Improve LSRA to handle more than 64 registers for x64 #112959

Open
@DeepakRajendrakumaran

Description

@DeepakRajendrakumaran

Overview

One of the main features of Intel Advanced Performance Extensions (APX) is the addition of 16 general-purpose registers (GPR) R16-R31, referred to as Extended GPRs (EGPR). This is expected to reduce register spills and further optimize register allocation and by extension code generation for 64-bit x86 for all Intel CPUs (client and server).

Current Design

Enabling this in .NET JIT comes with some challenges. Before APX on x64, there were 56 available registers (16 GPR, 32 SIMD, 8 Mask). The register mask is represented as a struct with a single uint64. Once we add the additional 16 EGPRs, this number will go up to 72(32 GPR, 32 SIMD, 8 Mask).

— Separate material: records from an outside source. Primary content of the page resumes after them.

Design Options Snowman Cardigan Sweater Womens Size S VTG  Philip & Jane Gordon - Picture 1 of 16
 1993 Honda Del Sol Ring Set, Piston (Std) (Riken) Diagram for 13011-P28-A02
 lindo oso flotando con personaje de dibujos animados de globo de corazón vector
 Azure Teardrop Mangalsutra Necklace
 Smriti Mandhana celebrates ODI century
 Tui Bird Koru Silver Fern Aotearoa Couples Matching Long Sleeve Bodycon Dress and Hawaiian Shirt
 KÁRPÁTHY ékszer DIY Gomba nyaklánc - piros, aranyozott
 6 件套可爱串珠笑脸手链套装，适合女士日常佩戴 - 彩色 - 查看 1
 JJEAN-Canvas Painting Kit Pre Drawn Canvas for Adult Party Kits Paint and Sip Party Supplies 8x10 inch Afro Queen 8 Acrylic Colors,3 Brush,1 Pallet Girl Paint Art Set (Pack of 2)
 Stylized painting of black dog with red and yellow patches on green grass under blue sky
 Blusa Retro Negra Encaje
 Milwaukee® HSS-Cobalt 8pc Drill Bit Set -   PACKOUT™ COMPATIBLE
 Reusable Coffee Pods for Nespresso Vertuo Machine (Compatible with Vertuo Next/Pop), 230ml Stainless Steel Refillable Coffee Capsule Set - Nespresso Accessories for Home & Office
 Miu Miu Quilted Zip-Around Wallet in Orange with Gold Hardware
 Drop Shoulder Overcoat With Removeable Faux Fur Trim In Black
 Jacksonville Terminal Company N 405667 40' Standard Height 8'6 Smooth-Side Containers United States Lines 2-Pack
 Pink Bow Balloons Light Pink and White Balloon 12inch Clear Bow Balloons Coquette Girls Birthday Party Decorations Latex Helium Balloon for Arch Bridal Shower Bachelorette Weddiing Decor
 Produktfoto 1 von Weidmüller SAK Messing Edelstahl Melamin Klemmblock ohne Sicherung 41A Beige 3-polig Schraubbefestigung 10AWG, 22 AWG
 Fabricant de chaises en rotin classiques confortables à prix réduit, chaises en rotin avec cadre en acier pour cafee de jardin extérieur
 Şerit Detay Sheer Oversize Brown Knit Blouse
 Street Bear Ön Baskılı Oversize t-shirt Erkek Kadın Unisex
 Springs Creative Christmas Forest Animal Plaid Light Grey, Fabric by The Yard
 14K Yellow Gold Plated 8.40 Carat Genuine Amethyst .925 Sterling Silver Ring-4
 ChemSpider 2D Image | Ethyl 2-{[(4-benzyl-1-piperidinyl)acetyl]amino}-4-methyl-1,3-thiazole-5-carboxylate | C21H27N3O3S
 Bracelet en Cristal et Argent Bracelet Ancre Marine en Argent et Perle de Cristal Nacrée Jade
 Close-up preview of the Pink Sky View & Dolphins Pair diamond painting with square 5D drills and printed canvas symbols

The only target in .NET that currently supports more than 64 registers is ARM64. The register mask is represented as a struct with 2 uint64s to facilitate this. This adds an increase in throughput (TP). The compromise initially was to add just 8 EGPRs(R16` - R23) so that we do not incur the TP overhead. As such, currently there are 64 available registers on x64 (24 GPR, 32 SIMD, 8 Mask). Eventually we want to add the additional 8 EGPRs as well.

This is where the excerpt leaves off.